We Will Always Miss Helen the Cat

Helen, 2013.  She’s the queen of lounging!

Helen, our 18-year-old tortoiseshell, died last week.  It has been hard on me, harder than any other pet’s death.  Helen and I were like bonded cats at the pound.  We did everything together: played string, read books (sometimes aloud), watched birds, had elevenses, watched six seasons of The Americans, prepared dinner (hers came in a can), napped, and listened to music.  She was fond of “You’re so Vain” (Carly Simon), “Year of the Cat” (Al Stewart), and “Mellow Yellow (Donovan).  Cats like simple songs.
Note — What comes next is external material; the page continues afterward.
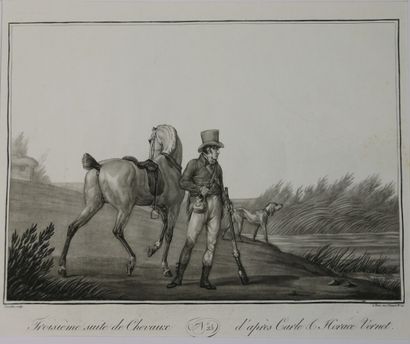 null After Carle and Horace VERNET

Four aquatints in black from the "suite of horses".

36...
As she got older, she spent most of her waking hours sitting with me (or on top of me) as I reclined and read.  She carefully marked the books by rubbing against the corners.   She was fond of books, because I’d read poetry to her as a kitten.  She enjoyed Edward Lear’s “The Jumblies:  “Far and few, far and few,/Are the lands where the Jumblies live…”

She didn’t meow, she chirped.  It was so sweet.  She was also a survivalist:  she liked to hop in the tub and lick the faucet. And she had a strong will.  She dominated the household.  She was a  fascinating person!  She ignored other cats, but they followed her around the house.

I had so much fun with her.  But In the last few years she had health problems and surgeries. She lost too much weight, shed clumps of fur, her kidneys were failing.  All the problems of aging cats.

I miss her.

Helen forever!

In Helen’s honor, I have translated and adapted the Roman poet Martial’s poem on the death of a pet dog, Issa.  In the first line, Martial refers to  Catullus’s famous poem about the dead pet sparrow of his girlfriend, Lesbia.

I have substituted the name Helen for Issa.

My adapted translation of Martial, Epigrams, I.109

Helen is more mischievous than Catullus’s sparrow,
Helen is purer than the kiss of a dove,
Helen is lovelier than all the maidens,
Helen is more precious than Indian stones,
Helen the cat is my darling.
If she meows, you will think she speaks;
She feels both sadness and joy.
Resting in my lap she stretches and snatches sleep
so that no breath is sensed.
In order that the last light may not wholly steal her,
I am painting a picture
In which you will see a cat so like Helen
That she herself is not more like herself.
Compare Helen with her picture
And you will think each one is real,
Or you will think each one is painted.

Floor mosaic in ancient Rome, with cat and two ducks.